The Revived Treasures of the Kyiv-Pechersk Lavra

“The Revived Treasures of the Kyiv-Pechersk Lavra” (from the collection of the National Kyiv-Pechersk Historical and Cultural Preserve) is a large exhibition project presenting artworks that have been returned to the museum after the difficult and dedicated task that restorers have been charged with away from public view. The exhibition presents an account of the conservation efforts of the national cultural heritage in the first decade of the 21st century by the specialists of the Department of Scientific Restoration and Conservation of the National Kyiv-Pechersk Historical and Cultural Preserve, one of the largest restoration departments among museum institutions in Ukraine.
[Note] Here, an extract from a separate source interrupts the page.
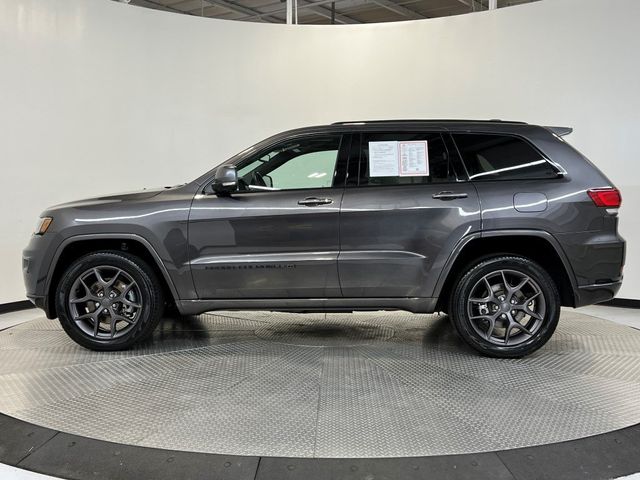 2021 Jeep Grand Cherokee 80th Anniversary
The exhibition gathers over 120 works of art from the 15th to the 20th century from the Preserve’s fund collection, including icons, silver church utensils, liturgical textiles, embroidery, early printed books, engravings and sculptures. The restored artefacts ­– most of which are exhibited for the first time – reflect the complexity and diversity of the museum’s collection and give an idea of the restorers’ specialisations in the restoration and conservation of works in different media ranging from tempera and oil paintings, polychrome sculptures and carvings, items made of metal, fabrics, paper and leather.

The main section of the exhibition presents liturgical artefacts from Lavra’s sacristy, works by the monastery’s icon painters, archaeological findings from the excavations of the ruins of the Assumption Cathedral and much more.
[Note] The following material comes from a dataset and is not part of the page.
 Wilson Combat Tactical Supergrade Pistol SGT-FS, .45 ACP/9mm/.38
The exhibition also includes one of the most remarkable works from Lavra’s masters: an early 19th century iconostasis from the Church of the Nativity in the Far caves. Its restoration has been recently completed and it will soon be returned to the church. Until then, visitors have the unique opportunity to view this masterpiece up close at the museum.
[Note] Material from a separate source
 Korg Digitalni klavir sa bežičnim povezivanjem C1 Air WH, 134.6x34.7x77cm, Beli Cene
The exhibited artefacts reveal the basic principles guiding the work of the Preserve’s restorers: maximal respect for the artefacts and minimal intervention in the works’ authenticity – elimination of factors that threaten the survival of the artefacts and using established materials and techniques in combination with modern developments.

The restorer’s spadework and inspired results breathe new life into the artworks, thus allowing contemporaries to experience the cultural heritage of the past and preserve it for future generations.